## TASK INSTRUCTIONS
Only one stretch of the listing below is wanted. Give it again exactly, from the line with "Hero officers, bystanders" through the line with "a bedroom with".
** Opening DATA RECORDS block **
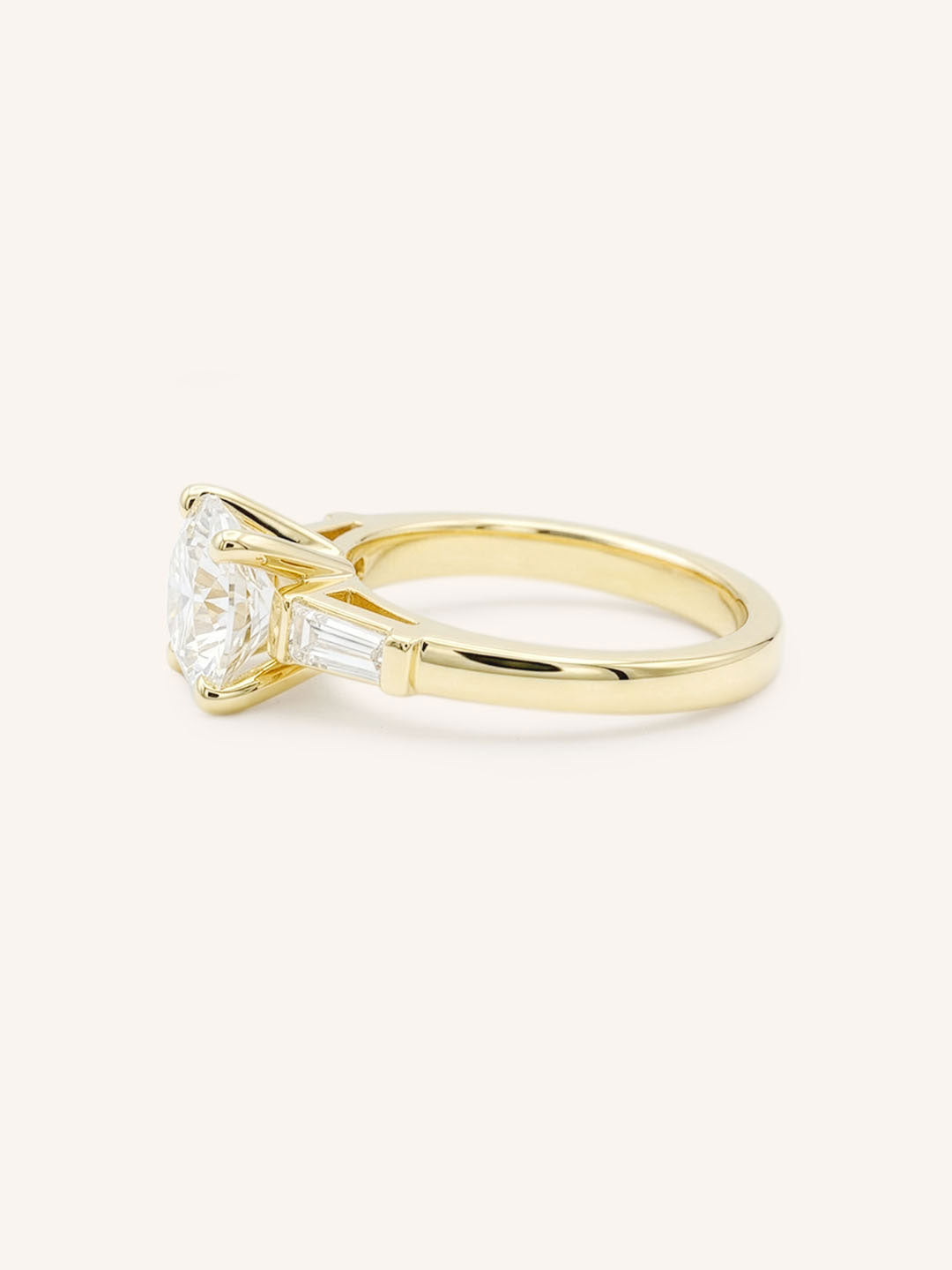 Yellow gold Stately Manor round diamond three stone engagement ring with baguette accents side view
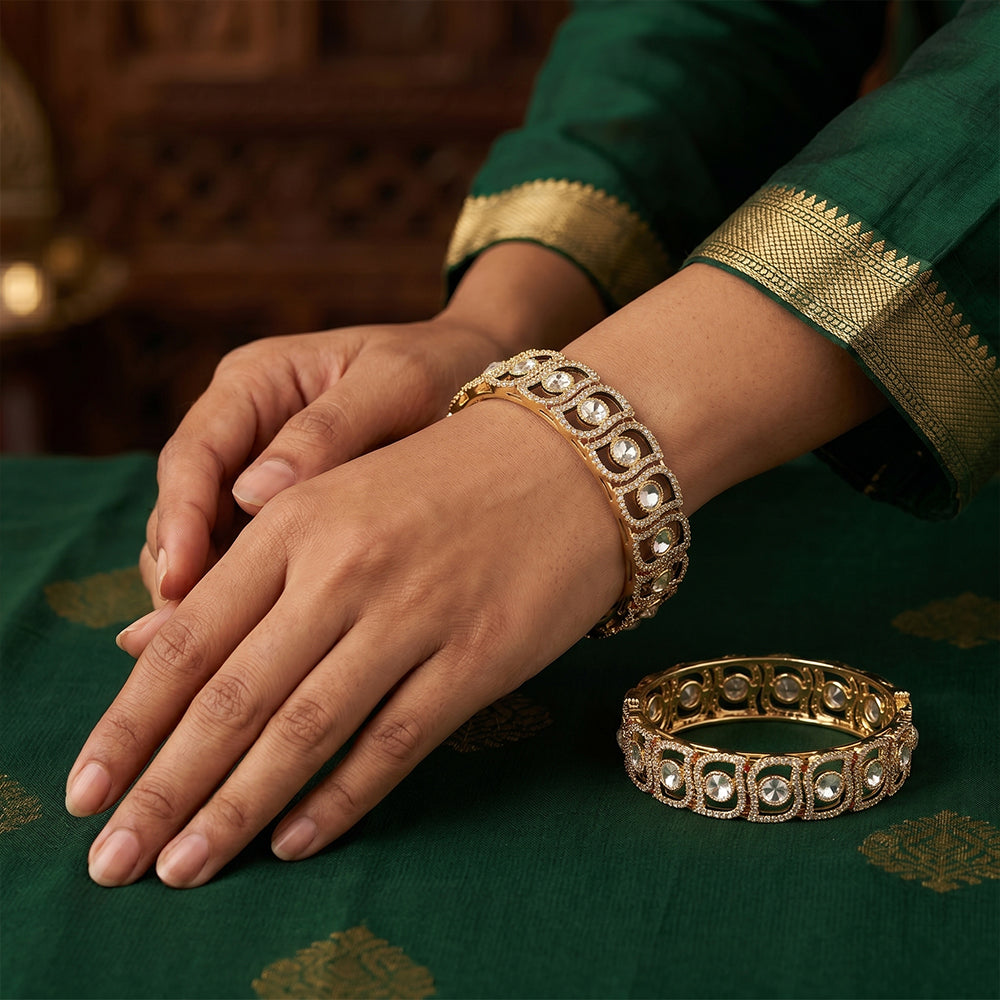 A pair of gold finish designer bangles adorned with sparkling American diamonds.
** Closing DATA RECORDS block **
** Opening DATA RECORDS block **
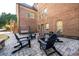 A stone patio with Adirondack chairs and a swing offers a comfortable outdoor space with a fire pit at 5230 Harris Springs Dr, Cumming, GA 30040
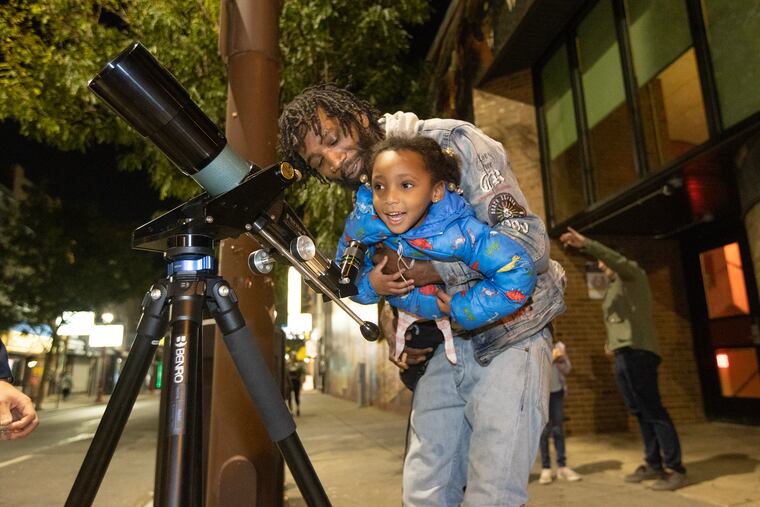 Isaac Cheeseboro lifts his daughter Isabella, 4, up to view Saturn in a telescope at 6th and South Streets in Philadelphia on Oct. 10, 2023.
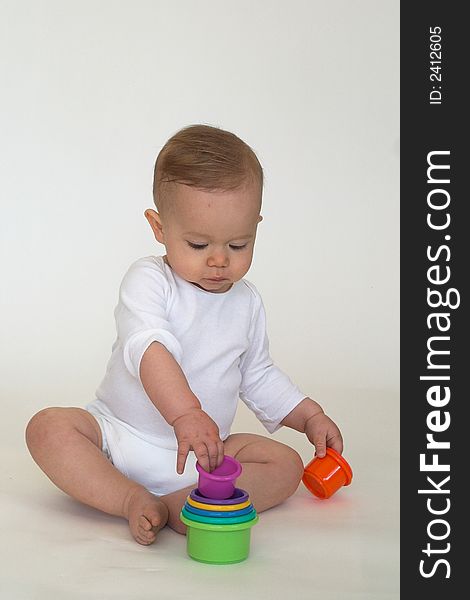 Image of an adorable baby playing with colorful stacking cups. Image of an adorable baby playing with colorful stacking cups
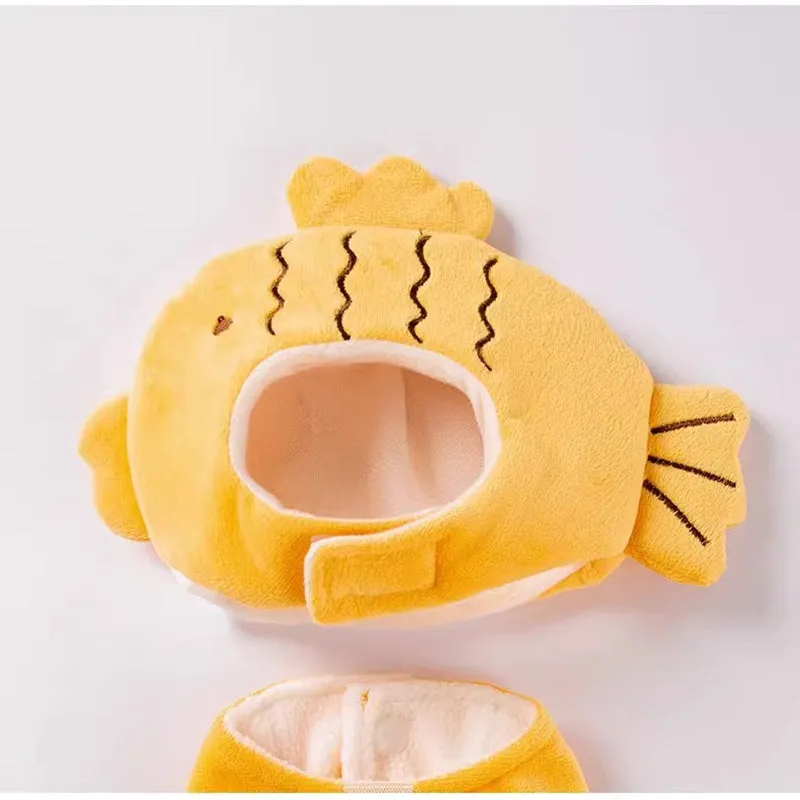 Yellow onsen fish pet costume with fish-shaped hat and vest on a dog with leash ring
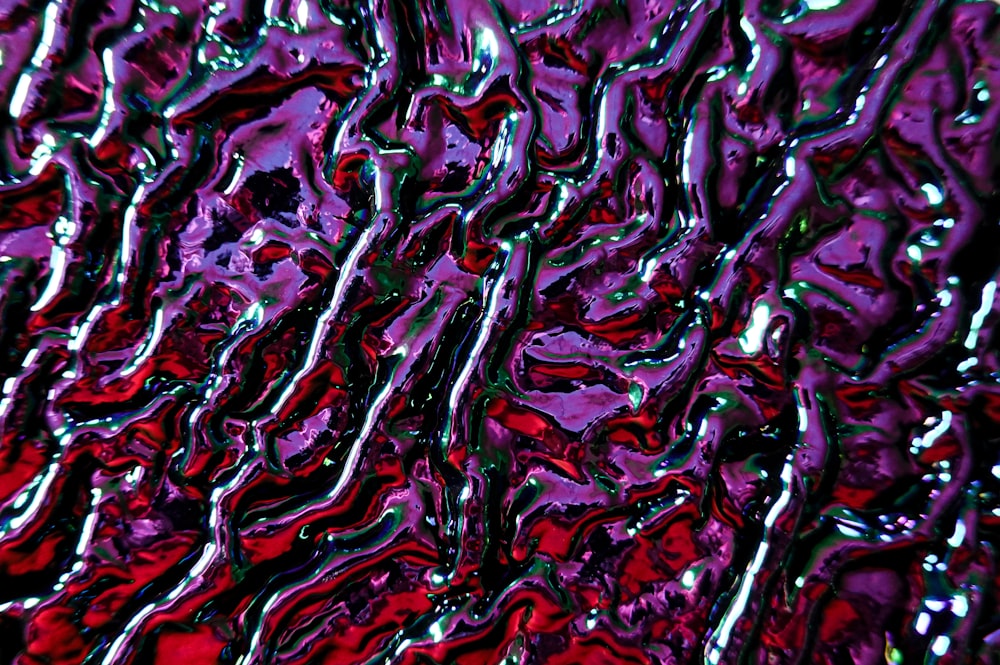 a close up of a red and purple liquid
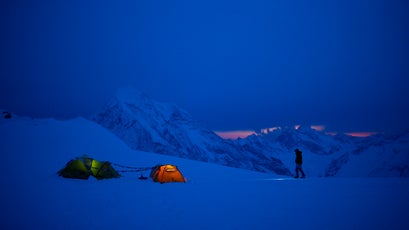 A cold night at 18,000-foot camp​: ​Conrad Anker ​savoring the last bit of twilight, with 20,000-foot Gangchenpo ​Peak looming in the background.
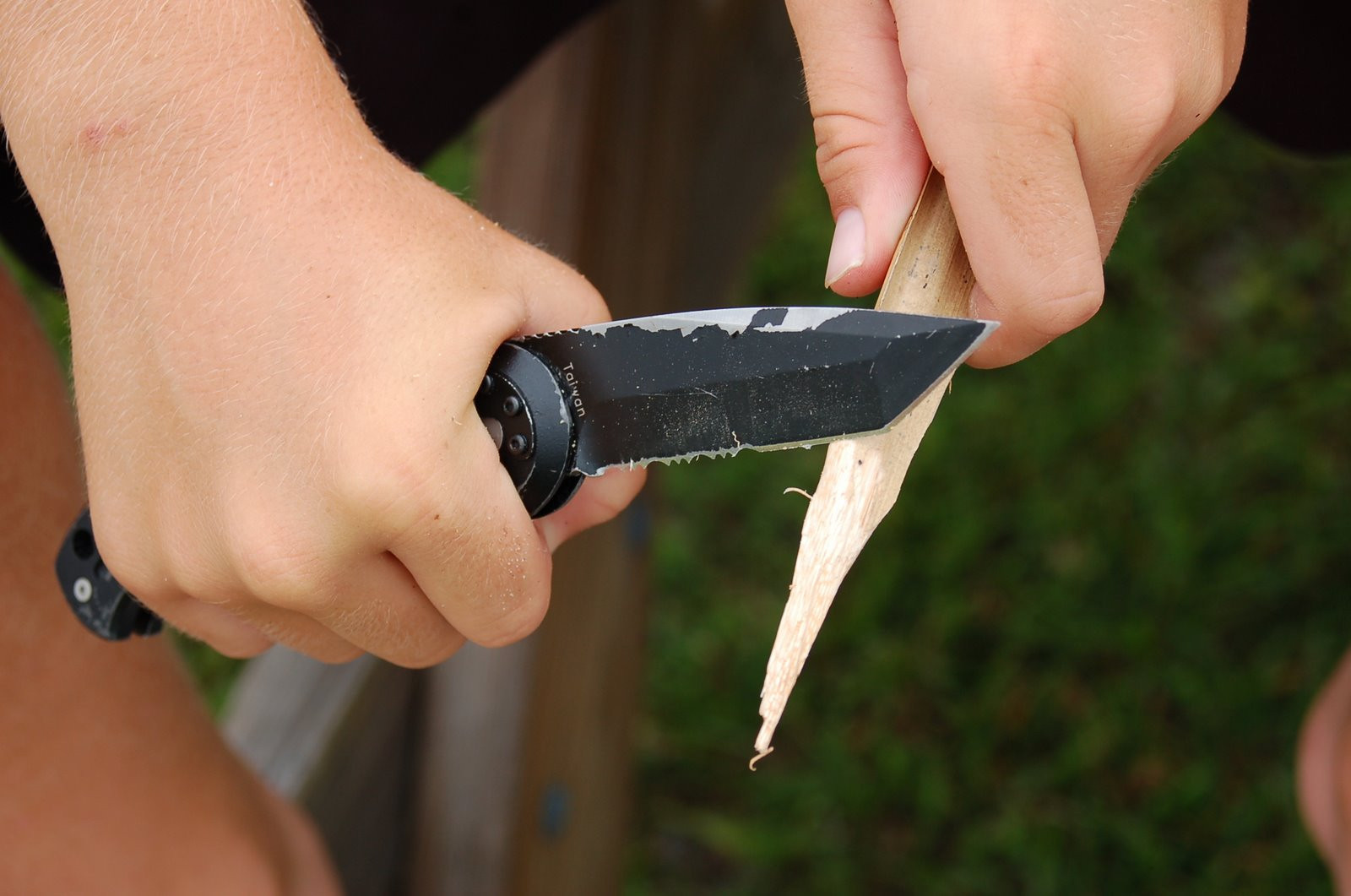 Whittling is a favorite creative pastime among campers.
** Closing DATA RECORDS block **
** Opening DATA RECORDS block **
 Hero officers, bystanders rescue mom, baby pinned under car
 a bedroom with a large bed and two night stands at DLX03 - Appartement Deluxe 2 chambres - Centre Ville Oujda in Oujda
** Closing DATA RECORDS block **
## ANSWER AREA
 Hero officers, bystanders rescue mom, baby pinned under car
 a bedroom with a large bed and two night stands at DLX03 - Appartement Deluxe 2 chambres - Centre Ville Oujda in Oujda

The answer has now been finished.